Hot feet! If you grind for too long on onw foot, it heats up. And wear leather gloves! I lost the finger off of my knittet gloves...and parts of my fingernails quick as a flash! I'd say also to watch your angle as you can grind uneavenly quickly! Also, if your sanding disk gets dirty you can use a stiff brush or wire brush to clean it off. You will still need to trim between the toes and an overly long toe...same as has been suggested before. I use the grinder more as a "finisher" than to do the complete job.


----------



## Cotton Eyed Does (Oct 26, 2007)

Can you post a picture of the types of grinders you are using? or a link to a site that has one like yours?


----------



## baileybunch (Oct 26, 2007)

This is the one my husband bought to use while he trims and shoes our horses. I saw it one day and thought "Hmmm"! I was done trimming my goats in no time and with little effort.

http://www.lowes.com/lowes/lkn?action=productDetail&productId=231604-38307-TF7AG&lpage=none


----------



## Tracy in Idaho (Oct 26, 2007)

I've thought about this a few times, but I think I'd probably take off more fingers than hoof.... :/

It only takes me about 5 minutes to trim up a goat with the nippers.

Tracy


----------



## Tim Pruitt (Oct 26, 2007)

Those little orange handled Nippers can do a good job and you really don't need the grinder. However, you can do a better and smoother job with the grinder. Also hooves on foundered goats are a breeze with the grinder.


----------



## Halo-M Nubians (Oct 26, 2007)

Well, I got it because it seems like everyone was raving about what a breeze it was awhile back. Haven't tried it yet, but I do have a few problem hooves in the herd so perhaps I will be glad after all.


----------



## goatmom (Oct 26, 2007)

Tracy - I'm with you -I think about it and then imagine the grinder getting away from me on one of the sassy girls -flying through the air-ugh!! 

Some one on here a while back - thinking it was Tim?? talked about getting a sharpener for the hoof trimmers -I'd like to know how that is working out.


----------



## baileybunch (Oct 26, 2007)

I am not the most coordinated person but I haven't had run away grinder yet. I did take of the finger to my knit glove but that was while we were trimming the hooves of an untamed sheep.

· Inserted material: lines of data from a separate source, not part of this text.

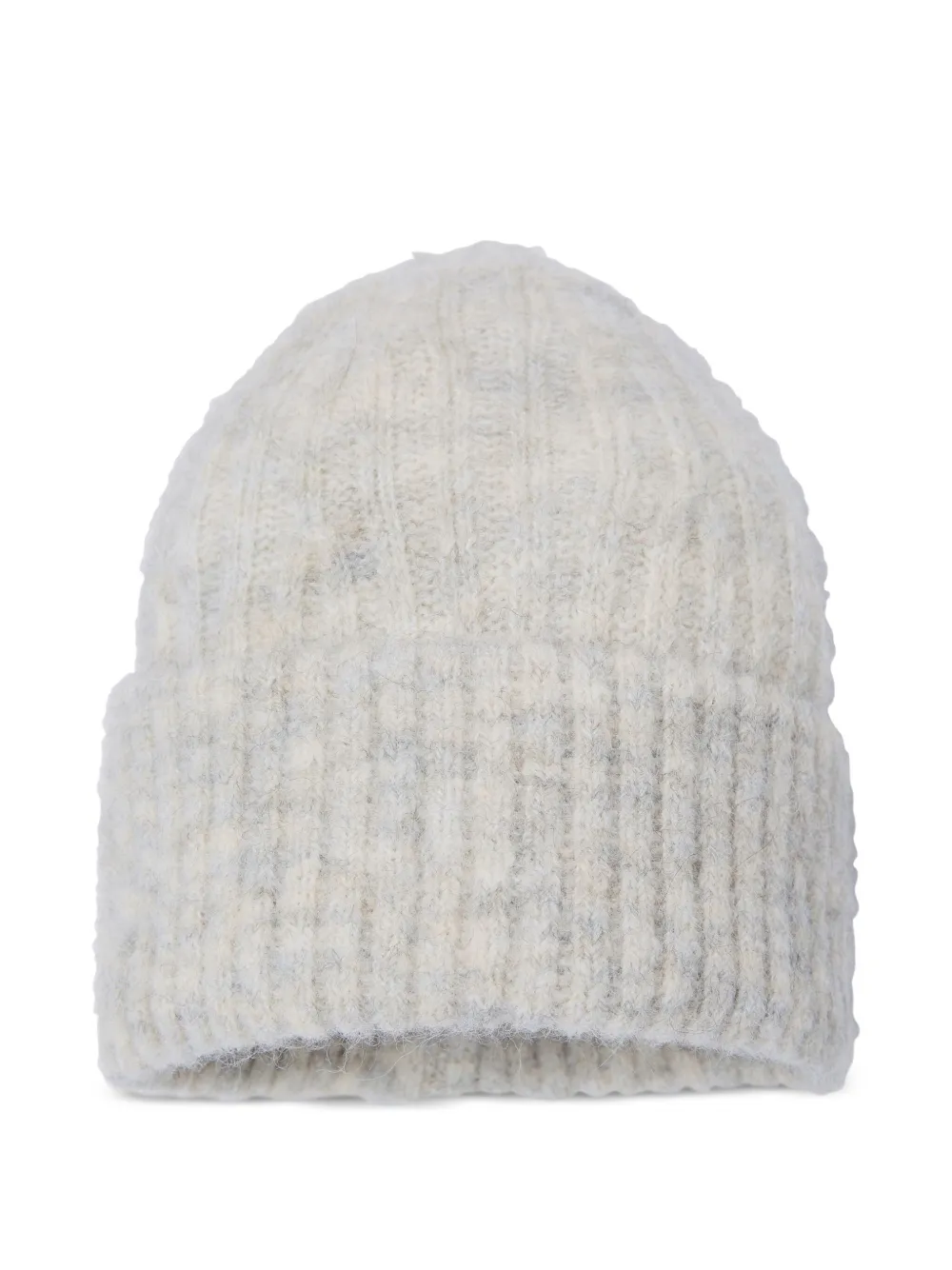 American Vintage Ribbed Knit East Beanie In White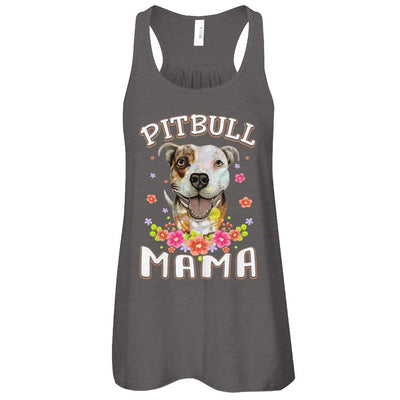 Proud Pitbull Mom Pitbull Mama-T-Shirt & Tank Top-
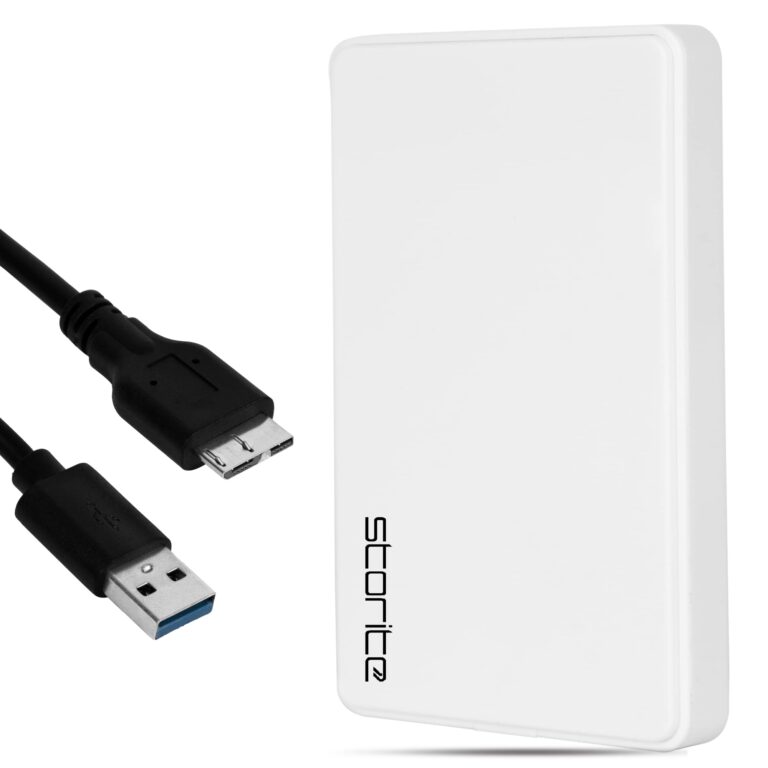 Storite Disco Rigido Esterno 1TB USB 3.0, 2,5 Pollici, Plastica ABS, Compatibile con Mac, Windows, Linux, PS4, PS3, Smart ...
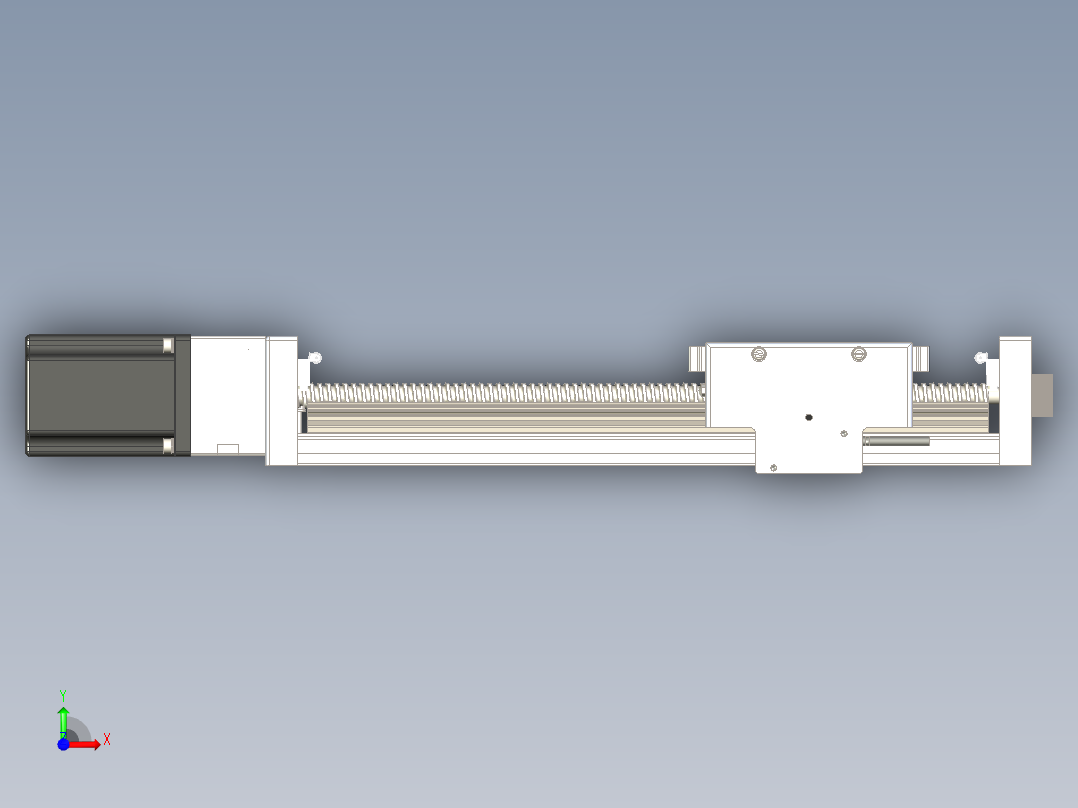 滚珠丝杆导轨模组前视图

SHE did not enjoy any of what we were doing to her!  I trim the goats' hooves in our wide wooden stand. One of my does seems to have long toes and lots of hoof growing between the toes that require trimmers first then I use the grinder to finish and level off the hooves. Another doe has little growth and I just use the grinder on her. Depends on what the need, I guess. I'm still learning....


----------